(Data entries)
=-=-=

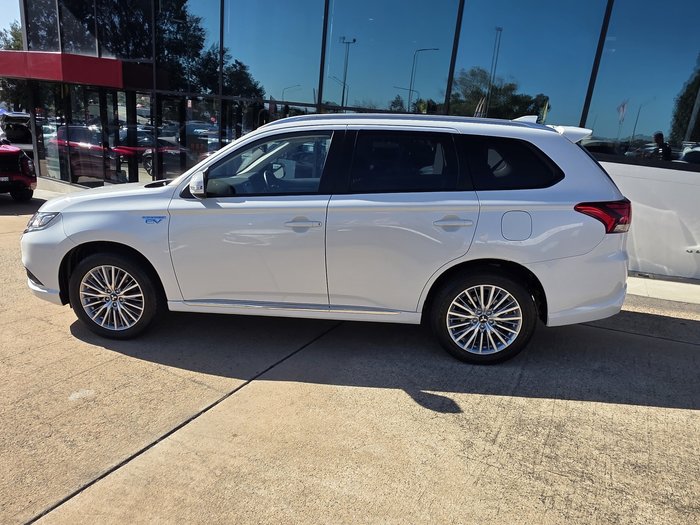 2019 Mitsubishi Outlander PHEV ES ADAS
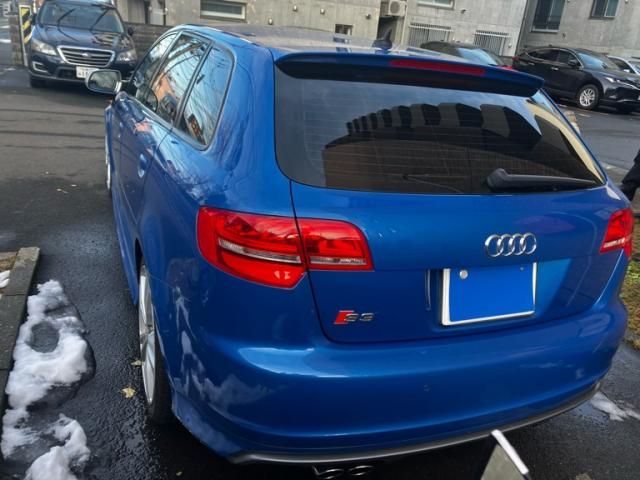 AUDI AUDI S3 SPORTBACK 2011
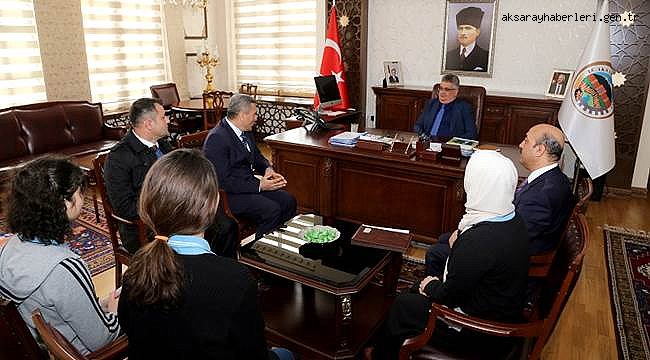 İŞADAMLARI, ÖĞRENCİLER ve KÖY MUHTARLARINDAN VALİ AYKUT PEKMEZ’E ZİYARET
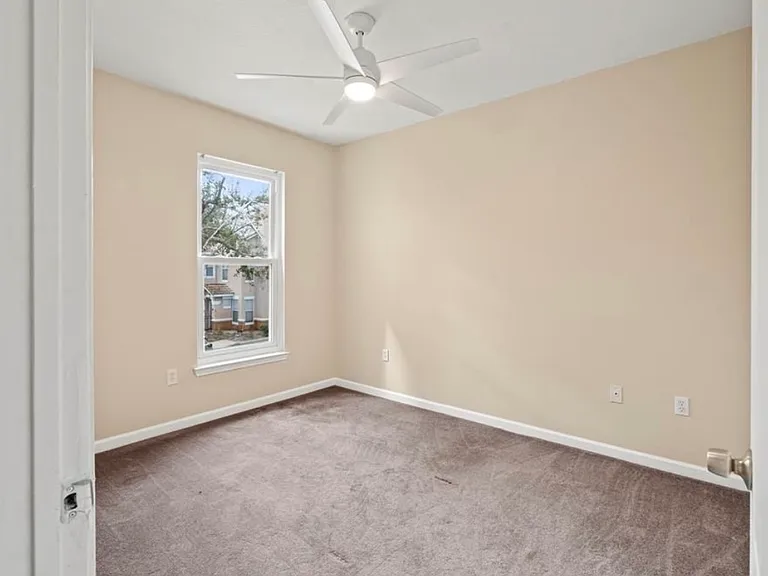 10416 Villa View Cir — Photo 12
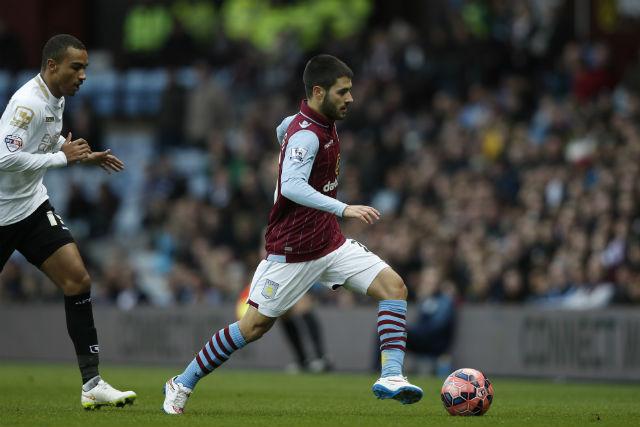 Autor do golaço que abriu o placar, meia Carles Gil contribuiu para a classificação do Aston Villa à 5ª rodada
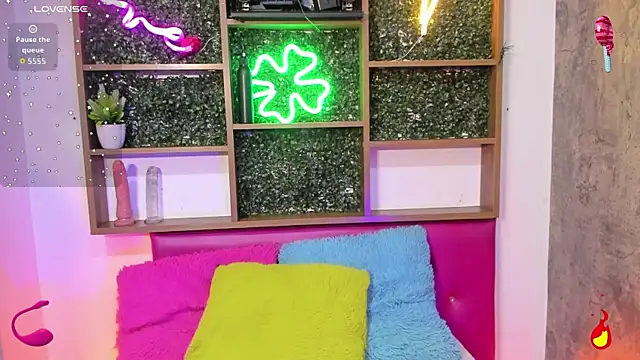 Hiddenhotcake online show from 01/05/26, 08:01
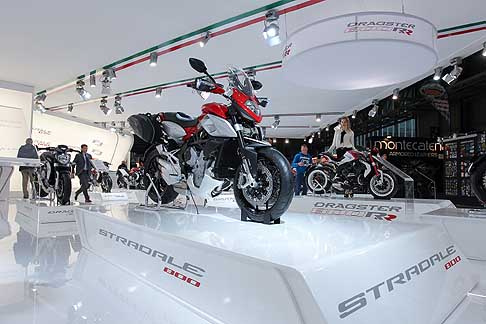 Eicma 2014 - La Mv Agusta presenta la nuova Stradale 800, un modello che sintetizza l’esperienza fatta negli anni per proporre un approccio originale alla guida width=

=-=-=

Requirement>
The records above are to be repeated exactly, with the pictures left out.

Answer space>
 2019 Mitsubishi Outlander PHEV ES ADAS
 AUDI AUDI S3 SPORTBACK 2011
 İŞADAMLARI, ÖĞRENCİLER ve KÖY MUHTARLARINDAN VALİ AYKUT PEKMEZ’E ZİYARET
 10416 Villa View Cir — Photo 12
 Autor do golaço que abriu o placar, meia Carles Gil contribuiu para a classificação do Aston Villa à 5ª rodada
 Hiddenhotcake online show from 01/05/26, 08:01
 Eicma 2014 - La Mv Agusta presenta la nuova Stradale 800, un modello che sintetizza l’esperienza fatta negli anni per proporre un approccio originale alla guida width=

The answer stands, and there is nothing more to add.